In your experience, how can medical students balance their own well-being and self-care while providing care to patients with addiction?
I think it’s the ability to ask for help, which is essentially what recovery is also all about. And that is the hardest for those generally self-reliant or who think they don’t have the luxury of showing weakness, for instance. In medicine, we are held to stupid high standards. You don’t have the luxury to mess up. In the real world, we are human, and we mess up. So asking for help from the right person is key. Many times, we don’t have mentors like we should. Like in recovery, we are tasked to go out and get a sponsor that is someone we highly respect and are willing to take their advice because they have much more experience than you do. I think sometimes in medicine, when things are difficult, trying to find someone honest enough to give you how they got through it is very valuable.
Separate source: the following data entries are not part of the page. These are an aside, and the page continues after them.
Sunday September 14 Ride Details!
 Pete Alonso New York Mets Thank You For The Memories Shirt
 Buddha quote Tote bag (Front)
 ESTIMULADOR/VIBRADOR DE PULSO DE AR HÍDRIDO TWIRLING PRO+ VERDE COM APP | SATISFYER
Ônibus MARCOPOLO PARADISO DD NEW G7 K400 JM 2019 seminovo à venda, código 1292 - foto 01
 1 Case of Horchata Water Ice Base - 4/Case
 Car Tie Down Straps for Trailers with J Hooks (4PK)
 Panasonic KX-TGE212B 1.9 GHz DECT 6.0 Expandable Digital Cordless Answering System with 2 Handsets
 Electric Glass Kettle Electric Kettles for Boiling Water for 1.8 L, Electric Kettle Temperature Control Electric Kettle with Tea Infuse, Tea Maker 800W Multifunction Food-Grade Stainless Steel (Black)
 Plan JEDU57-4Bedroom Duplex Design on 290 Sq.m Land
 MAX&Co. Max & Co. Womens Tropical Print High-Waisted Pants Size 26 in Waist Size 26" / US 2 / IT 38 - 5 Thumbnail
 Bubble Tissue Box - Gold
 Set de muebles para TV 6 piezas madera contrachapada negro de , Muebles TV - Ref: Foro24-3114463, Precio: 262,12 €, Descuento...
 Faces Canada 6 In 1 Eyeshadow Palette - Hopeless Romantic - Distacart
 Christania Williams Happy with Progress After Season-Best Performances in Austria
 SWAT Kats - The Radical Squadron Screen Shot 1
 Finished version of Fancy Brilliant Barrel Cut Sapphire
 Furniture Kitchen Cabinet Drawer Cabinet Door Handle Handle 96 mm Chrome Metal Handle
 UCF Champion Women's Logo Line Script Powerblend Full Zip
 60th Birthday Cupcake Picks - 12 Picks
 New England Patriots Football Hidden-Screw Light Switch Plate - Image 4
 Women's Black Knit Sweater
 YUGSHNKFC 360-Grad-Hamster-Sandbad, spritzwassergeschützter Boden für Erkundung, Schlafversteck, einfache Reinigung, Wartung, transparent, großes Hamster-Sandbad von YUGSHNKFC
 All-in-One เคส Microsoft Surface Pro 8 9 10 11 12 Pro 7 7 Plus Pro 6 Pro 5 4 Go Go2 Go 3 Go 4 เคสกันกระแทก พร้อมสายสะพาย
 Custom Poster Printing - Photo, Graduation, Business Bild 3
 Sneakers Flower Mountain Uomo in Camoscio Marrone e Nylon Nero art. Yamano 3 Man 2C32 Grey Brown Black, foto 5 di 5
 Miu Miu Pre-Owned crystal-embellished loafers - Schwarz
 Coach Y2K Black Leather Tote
Finding someone who you don’t have to present perfect to all the time. That is hard, especially if you want to be in a highly competitive field. You may feel like you can’t have any kinks in your armor because that could look bad somehow to someone. But finding a mentor you can respect, love, and trust to give you advice through difficult situations is absolutely priceless. I recognize this is challenging to do, and I don’t know the answer. But keeping yourself willing to find that person is important.